Task → The lines to reproduce from the material below are those from the one containing "Squier Paranormal Esquire" through the one containing "5NPEL4JA2LH034170 2020 HYUNDAI", both included; write them out exactly and add nothing.

Material to process →
● ● ● ● ●

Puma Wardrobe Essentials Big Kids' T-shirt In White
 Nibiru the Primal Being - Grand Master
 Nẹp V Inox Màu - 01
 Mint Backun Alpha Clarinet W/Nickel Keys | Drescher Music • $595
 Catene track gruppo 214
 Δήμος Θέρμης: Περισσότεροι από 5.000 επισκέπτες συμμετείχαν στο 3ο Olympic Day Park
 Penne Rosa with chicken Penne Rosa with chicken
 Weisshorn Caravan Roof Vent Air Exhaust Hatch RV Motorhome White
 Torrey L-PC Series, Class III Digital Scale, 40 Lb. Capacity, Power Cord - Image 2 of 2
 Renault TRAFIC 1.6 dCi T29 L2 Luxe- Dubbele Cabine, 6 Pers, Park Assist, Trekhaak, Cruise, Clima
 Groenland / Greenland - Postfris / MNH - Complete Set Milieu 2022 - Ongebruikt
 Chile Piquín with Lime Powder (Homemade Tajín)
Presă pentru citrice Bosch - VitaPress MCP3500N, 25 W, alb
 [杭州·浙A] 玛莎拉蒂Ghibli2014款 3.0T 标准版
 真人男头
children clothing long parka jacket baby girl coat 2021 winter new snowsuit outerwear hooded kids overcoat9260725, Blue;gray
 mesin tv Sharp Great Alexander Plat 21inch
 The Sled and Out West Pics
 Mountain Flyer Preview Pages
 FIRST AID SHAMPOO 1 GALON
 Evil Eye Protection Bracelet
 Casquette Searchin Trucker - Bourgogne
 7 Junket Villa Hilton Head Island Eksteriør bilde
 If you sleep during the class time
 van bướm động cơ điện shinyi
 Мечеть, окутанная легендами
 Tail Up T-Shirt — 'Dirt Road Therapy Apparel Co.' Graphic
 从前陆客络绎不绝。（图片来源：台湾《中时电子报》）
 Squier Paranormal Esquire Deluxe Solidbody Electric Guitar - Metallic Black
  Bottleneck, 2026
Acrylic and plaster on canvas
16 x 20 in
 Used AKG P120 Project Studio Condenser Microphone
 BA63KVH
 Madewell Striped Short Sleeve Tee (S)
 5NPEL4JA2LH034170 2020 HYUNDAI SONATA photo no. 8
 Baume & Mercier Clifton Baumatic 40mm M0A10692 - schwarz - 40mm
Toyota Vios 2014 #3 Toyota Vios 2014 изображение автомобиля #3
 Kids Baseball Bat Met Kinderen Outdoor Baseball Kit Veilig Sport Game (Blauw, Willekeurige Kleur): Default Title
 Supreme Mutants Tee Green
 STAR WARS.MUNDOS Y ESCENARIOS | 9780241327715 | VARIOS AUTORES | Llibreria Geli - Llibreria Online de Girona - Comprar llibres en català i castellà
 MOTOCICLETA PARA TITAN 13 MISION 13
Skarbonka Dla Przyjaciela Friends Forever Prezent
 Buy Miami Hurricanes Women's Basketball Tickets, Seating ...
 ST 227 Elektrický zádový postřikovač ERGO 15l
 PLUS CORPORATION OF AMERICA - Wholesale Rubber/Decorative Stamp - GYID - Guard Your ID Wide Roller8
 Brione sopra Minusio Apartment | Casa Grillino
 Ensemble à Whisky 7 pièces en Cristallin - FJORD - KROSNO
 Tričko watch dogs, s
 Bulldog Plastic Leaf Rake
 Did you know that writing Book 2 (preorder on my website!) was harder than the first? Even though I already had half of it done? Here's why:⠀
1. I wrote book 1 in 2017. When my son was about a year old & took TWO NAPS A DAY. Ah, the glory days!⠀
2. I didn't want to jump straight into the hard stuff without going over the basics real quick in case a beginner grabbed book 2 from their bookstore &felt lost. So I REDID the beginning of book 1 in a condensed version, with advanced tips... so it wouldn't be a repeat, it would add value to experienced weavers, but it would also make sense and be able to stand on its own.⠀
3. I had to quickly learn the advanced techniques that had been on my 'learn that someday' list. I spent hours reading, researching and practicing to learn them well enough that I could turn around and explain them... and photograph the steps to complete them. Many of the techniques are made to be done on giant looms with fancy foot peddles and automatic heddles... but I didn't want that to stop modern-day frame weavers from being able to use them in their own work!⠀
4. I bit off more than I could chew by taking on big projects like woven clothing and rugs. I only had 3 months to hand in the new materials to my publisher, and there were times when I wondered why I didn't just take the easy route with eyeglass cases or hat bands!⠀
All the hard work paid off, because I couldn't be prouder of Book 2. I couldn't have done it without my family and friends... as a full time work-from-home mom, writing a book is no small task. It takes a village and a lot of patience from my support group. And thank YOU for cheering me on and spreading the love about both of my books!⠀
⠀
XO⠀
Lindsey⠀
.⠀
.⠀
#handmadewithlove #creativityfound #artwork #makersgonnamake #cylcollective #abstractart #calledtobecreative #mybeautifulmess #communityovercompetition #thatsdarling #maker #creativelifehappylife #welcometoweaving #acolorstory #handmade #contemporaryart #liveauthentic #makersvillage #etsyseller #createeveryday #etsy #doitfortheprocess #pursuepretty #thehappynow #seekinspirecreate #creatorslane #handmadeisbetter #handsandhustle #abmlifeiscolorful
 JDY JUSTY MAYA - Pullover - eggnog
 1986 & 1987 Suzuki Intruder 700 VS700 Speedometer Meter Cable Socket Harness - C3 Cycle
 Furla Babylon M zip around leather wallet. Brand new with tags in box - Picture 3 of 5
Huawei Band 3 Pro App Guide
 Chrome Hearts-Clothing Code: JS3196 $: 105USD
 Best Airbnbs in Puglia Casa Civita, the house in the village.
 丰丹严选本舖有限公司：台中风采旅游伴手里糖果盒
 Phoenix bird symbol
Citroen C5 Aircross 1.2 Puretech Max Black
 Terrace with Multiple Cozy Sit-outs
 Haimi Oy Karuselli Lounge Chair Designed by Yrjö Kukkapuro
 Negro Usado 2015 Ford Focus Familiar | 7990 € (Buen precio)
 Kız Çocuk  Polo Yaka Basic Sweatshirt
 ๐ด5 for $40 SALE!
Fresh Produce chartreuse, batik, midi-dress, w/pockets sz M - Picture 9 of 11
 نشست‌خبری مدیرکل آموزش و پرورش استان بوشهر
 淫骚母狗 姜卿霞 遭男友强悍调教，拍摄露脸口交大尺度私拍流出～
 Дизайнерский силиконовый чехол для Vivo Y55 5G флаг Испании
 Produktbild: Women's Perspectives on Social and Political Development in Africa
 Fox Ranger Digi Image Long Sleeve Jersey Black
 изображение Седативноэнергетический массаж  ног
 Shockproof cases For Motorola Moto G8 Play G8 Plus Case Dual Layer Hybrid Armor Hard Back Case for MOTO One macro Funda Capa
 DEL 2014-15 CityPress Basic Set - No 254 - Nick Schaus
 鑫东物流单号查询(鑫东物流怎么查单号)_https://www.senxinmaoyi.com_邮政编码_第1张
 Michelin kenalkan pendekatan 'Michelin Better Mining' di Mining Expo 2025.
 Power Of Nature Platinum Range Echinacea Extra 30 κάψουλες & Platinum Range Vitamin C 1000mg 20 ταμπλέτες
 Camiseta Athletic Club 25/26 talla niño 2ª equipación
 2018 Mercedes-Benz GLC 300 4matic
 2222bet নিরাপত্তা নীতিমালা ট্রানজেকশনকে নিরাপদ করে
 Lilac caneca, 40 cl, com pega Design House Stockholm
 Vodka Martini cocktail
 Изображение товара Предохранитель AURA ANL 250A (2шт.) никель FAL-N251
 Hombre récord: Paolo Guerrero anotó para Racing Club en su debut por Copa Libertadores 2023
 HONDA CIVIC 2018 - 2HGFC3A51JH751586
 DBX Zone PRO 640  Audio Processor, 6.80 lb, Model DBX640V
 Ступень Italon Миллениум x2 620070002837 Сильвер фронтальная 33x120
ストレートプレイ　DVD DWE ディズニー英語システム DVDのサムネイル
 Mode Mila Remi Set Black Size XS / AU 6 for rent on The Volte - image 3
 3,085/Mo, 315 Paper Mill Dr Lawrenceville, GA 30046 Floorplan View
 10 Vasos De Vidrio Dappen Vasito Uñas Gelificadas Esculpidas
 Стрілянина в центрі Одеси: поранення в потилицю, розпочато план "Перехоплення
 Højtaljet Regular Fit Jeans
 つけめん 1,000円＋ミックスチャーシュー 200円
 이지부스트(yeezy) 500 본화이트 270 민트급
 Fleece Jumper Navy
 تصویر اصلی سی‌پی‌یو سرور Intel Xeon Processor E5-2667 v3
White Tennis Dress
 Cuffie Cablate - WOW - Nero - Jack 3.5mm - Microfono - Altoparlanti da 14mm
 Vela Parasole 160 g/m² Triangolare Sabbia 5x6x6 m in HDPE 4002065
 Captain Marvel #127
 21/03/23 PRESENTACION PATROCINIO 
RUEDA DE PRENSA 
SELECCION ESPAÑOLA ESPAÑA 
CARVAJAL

● ● ● ● ●

Response box →
 Squier Paranormal Esquire Deluxe Solidbody Electric Guitar - Metallic Black
  Bottleneck, 2026
Acrylic and plaster on canvas
16 x 20 in
 Used AKG P120 Project Studio Condenser Microphone
 BA63KVH
 Madewell Striped Short Sleeve Tee (S)
 5NPEL4JA2LH034170 2020 HYUNDAI SONATA photo no. 8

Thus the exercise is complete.